[Records from a data source]
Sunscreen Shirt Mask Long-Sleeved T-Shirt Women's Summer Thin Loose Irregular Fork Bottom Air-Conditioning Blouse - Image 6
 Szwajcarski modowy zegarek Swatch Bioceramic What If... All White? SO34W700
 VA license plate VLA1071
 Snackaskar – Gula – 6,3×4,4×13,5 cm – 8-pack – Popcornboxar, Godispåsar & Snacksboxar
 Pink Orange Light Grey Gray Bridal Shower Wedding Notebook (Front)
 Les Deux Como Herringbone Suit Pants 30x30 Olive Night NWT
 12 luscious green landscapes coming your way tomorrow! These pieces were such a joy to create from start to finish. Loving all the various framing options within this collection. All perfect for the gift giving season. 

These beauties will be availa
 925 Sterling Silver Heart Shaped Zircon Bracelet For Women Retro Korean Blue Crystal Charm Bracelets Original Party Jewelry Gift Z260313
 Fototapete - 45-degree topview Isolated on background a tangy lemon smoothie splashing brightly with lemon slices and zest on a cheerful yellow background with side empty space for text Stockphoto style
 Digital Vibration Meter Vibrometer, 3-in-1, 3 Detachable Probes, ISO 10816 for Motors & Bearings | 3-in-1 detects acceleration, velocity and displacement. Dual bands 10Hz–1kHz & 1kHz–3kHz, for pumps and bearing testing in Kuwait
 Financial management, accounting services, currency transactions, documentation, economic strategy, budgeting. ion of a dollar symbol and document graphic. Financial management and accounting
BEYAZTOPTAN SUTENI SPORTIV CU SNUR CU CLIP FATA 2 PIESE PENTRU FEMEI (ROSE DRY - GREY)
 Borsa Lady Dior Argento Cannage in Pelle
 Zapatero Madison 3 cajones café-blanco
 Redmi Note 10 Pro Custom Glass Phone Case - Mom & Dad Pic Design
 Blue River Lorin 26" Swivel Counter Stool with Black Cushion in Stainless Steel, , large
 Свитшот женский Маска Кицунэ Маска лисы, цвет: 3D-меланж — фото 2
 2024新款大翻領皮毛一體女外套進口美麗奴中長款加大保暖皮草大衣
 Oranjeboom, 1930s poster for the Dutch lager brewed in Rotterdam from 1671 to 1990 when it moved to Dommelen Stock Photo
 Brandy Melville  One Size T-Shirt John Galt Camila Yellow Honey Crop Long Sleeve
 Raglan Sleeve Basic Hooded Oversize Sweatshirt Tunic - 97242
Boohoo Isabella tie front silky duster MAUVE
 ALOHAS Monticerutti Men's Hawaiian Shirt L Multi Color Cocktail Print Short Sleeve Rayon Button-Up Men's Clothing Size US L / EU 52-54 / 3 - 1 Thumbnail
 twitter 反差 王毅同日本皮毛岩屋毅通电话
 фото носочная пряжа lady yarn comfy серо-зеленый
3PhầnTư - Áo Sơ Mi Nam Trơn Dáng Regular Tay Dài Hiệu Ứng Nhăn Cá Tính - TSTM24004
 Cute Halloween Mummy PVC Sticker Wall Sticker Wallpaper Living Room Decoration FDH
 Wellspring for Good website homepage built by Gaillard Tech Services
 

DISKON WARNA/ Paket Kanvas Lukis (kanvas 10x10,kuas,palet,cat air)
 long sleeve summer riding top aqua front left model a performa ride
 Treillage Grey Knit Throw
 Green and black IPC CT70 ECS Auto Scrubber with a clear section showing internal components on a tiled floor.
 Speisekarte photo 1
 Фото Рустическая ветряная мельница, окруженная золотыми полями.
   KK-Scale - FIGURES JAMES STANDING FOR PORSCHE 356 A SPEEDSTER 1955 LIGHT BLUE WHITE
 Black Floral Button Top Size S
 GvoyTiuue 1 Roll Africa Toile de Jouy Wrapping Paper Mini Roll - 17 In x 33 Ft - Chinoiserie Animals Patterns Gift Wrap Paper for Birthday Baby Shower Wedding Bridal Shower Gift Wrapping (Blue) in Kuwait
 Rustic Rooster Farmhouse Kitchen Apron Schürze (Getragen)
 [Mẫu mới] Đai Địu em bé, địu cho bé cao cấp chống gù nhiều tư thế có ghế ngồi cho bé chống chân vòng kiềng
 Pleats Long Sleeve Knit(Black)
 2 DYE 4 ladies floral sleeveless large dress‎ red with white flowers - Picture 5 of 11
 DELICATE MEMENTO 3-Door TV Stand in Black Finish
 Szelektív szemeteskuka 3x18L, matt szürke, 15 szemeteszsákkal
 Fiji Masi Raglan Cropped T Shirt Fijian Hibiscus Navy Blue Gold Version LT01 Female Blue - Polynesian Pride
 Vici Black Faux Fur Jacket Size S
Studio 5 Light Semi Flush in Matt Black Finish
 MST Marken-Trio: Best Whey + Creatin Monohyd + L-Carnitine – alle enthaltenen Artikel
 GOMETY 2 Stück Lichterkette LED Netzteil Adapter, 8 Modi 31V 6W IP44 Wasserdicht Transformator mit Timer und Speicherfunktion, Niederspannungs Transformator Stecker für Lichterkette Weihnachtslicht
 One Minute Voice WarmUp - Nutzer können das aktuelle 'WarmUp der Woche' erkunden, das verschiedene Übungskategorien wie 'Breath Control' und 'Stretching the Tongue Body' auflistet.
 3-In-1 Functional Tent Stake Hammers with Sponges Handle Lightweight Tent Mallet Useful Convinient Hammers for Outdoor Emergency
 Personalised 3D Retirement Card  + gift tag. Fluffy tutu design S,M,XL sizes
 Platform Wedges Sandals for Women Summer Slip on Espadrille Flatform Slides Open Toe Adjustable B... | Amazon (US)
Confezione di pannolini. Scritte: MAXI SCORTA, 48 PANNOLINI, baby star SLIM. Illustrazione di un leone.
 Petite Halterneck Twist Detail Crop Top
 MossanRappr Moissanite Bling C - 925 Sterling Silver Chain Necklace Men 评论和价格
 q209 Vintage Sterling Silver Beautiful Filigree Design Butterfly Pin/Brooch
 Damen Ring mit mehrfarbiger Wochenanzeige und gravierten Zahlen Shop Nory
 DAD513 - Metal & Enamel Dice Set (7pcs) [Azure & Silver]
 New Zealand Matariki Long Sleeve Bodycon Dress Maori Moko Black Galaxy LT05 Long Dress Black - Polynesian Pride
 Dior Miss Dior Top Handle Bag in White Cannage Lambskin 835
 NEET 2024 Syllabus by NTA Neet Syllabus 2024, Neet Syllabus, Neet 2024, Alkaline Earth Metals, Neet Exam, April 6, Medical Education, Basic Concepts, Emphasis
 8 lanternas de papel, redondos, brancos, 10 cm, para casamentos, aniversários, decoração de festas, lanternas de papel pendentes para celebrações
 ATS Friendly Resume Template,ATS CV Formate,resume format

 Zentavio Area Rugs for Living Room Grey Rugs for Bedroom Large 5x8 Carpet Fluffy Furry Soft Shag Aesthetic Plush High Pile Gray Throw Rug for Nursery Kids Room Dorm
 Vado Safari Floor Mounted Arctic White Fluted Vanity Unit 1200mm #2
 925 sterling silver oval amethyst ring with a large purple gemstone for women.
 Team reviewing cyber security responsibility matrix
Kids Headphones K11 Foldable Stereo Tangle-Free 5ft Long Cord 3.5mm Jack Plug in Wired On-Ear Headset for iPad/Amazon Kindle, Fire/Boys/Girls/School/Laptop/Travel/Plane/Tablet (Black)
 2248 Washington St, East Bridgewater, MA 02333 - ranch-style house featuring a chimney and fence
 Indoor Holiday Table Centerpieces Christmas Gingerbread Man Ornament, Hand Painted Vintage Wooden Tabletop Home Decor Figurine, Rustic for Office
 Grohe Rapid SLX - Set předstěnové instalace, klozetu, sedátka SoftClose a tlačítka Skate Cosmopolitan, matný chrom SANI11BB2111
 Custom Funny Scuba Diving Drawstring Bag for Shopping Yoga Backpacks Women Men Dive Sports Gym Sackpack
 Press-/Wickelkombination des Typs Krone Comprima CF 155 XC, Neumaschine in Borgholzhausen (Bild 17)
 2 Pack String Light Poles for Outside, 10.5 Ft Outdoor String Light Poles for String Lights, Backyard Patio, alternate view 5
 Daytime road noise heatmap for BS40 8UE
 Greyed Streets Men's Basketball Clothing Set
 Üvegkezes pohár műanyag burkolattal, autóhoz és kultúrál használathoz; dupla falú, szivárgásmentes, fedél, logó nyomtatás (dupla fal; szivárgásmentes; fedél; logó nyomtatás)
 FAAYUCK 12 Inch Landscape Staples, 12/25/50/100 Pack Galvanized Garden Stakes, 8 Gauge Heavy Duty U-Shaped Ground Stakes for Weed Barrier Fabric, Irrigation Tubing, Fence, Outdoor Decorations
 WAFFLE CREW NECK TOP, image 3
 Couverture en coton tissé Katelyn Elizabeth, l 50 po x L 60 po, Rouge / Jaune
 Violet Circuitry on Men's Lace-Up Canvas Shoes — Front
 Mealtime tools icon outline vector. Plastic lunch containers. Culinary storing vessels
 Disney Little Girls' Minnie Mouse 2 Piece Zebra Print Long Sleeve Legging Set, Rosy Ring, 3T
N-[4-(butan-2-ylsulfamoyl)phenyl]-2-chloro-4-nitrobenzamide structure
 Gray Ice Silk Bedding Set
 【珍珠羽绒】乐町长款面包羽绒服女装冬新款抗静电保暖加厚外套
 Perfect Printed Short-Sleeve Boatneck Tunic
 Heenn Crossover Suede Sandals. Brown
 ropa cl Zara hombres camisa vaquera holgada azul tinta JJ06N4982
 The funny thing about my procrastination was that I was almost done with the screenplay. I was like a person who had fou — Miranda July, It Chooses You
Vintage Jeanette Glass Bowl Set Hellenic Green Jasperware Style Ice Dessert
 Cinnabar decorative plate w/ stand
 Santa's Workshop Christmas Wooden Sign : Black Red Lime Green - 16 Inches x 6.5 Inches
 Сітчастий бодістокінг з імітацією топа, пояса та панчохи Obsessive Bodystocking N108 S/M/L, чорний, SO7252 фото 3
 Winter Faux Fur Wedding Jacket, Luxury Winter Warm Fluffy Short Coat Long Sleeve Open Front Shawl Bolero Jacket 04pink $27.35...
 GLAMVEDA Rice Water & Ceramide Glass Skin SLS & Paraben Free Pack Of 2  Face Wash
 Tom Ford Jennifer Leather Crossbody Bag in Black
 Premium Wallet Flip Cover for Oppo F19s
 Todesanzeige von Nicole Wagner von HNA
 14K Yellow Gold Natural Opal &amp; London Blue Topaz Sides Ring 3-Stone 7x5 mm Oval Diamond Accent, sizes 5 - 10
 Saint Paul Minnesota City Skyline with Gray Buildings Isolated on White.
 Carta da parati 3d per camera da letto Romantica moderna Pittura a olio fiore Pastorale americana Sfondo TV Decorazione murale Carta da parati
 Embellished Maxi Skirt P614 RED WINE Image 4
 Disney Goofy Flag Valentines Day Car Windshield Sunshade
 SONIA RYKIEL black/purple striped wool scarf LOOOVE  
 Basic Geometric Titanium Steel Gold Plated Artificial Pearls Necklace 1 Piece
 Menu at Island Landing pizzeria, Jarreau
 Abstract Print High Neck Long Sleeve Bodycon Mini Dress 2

What you should do:
For the entries above, count the lines that contain the string "These", and state that number without further comment.

Problem solution:
2